Your task: Reproduce the listing below character for character; drop every image.

Data:
Content starts
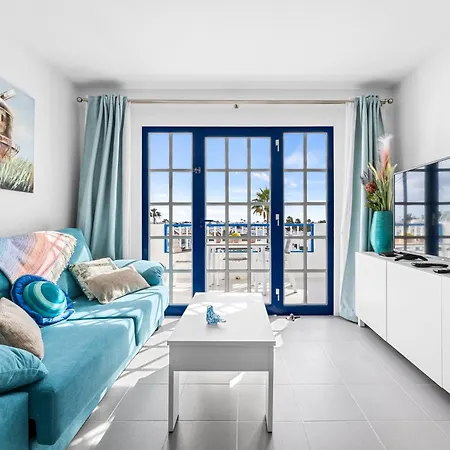 Perla Atalaya Sea View With Stunning Terrace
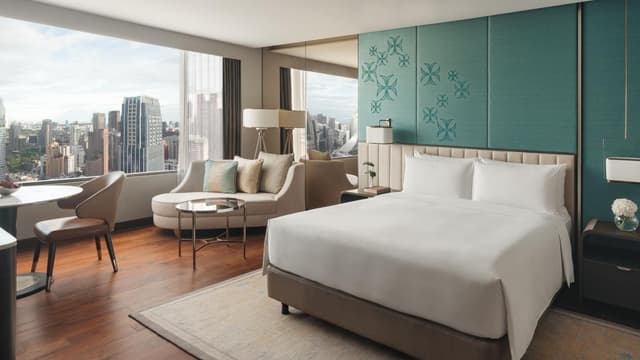 Classic King Room · photo 6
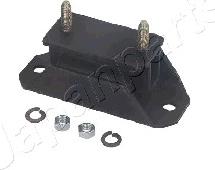Japanparts RU-9034 - Подушка, опора, подвеска двигателя abcparts.ee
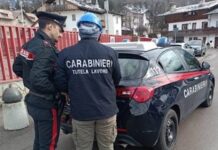 Lavoro nero e sicurezza, stretta dei Carabinieri del NIL nel Ravennate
Content ends
Output for this task:
 Perla Atalaya Sea View With Stunning Terrace
 Classic King Room · photo 6
Japanparts RU-9034 - Подушка, опора, подвеска двигателя abcparts.ee
 Lavoro nero e sicurezza, stretta dei Carabinieri del NIL nel Ravennate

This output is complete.